She stopped working when the couple had their third child.

Mdm Lim said that while her husband paid for household expenses, she supplemented the household income by renting out the rooms in their old zinc-roofed house, selling homemade rice wine, as well as friendly loans to neighbours. 

The couple bought the Farrer Road house for $36,500, of which Mdm Lim claimed she had contributed $22,000 or 60.3 per cent.  

However, the estate was placed under her husband name as he was the one handling the transaction. 

Mdm Lim is asking the court to declare that she has the right to stay in the house until it is sold, after which she would get 60.3 per cent of the proceeds.

Mr Ang, on the other hand, said that Mdm Lim and two of his uncles have been preventing him from carrying out his grandfather’s last wishes, by refusing to cooperate with his attempts to sell the property as stated in the will.

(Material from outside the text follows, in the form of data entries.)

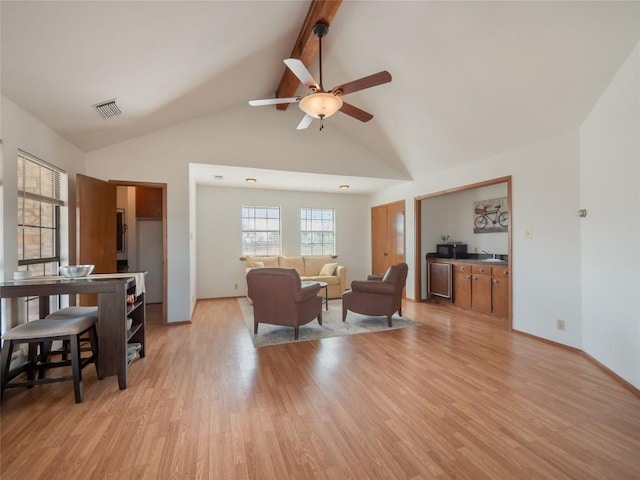 living room with beam ceiling, high vaulted ceiling, ceiling fan, and light wood-type flooring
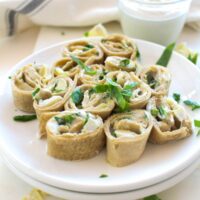 Spinach artichoke pinwheels roll and serve
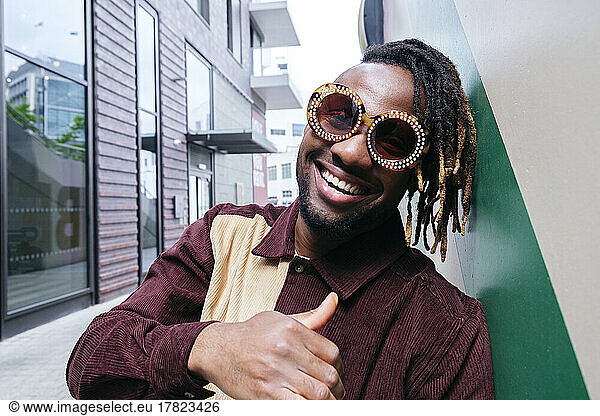 Happy man wearing sunglasses making thumbs up gesture leaning on wall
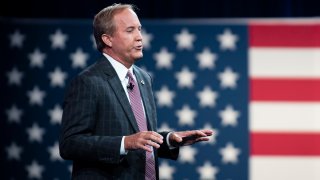 FILE - Texas Attorney General Ken Paxton speaks to the crowd at the Hilton Anatole Hotel in Dallas, Texas, on July 11, 2021.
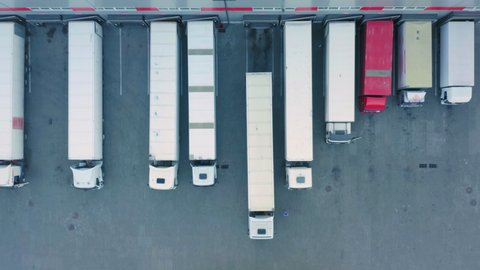 Aerial top down view of semi-trailer trucks standing at a warehouse ramps for loading and unloading goods in a logistics park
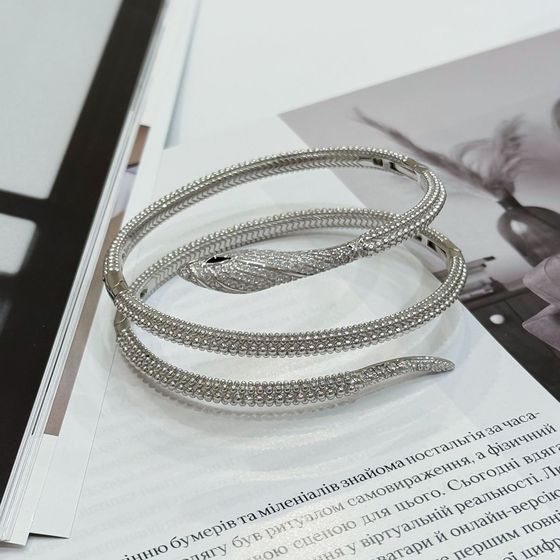 Серебряный браслет с фианитами, емаллю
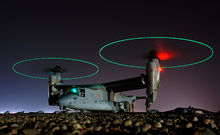  Ground crew refuel an MV-22 before a mission in central Iraq at night. The rotors are turning and the tips are green, forming green circles.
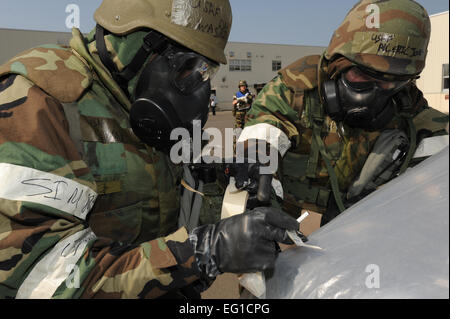 Les cadres supérieurs de l'US Air Force Airman David Washington,à gauche, et d'un membre de la 1re classe Eric Jones, tous deux du 35e Escadron de génie civil, porter des équipements de protection individuelle pour vérifier la contamination à la suite d'une attaque simulée lors d'un exercice d'entraînement à Misawa Air Base, Japon, le 20 juin 2011. En tant que membres d'une équipe de reconnaissance attaque post, les aviateurs sont responsables d'un certain nombre de situations pré- et post-attaque les actions visant à protéger les installations, le matériel et le personnel. Le s.. Avril Quintanilla Banque D'Images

Last year, Mr Ang filed an application in the Family and Justice Court, asking for an order to let him administer the estate by ordering the sale of the property and for his grandmother to vacate the house.

He also contends that his grandmother had filed the High Court suit to hinder his attempt. 

Mdm Lim, however, added that her grandson had brought family members to ransack the place and look for the will while they were still holding her husband’s funeral proceedings. 

She added that she did not know that her husband had left a will and was unaffected despite not being given a share of the house. 

However, she was unhappy over her grandson’s decision to ‘monopolise’ the place and evict her from the premises. 

Court documents also revealed that Mdm Lim had sued her eldest son over a shop house, but the matter has been resolved out of court.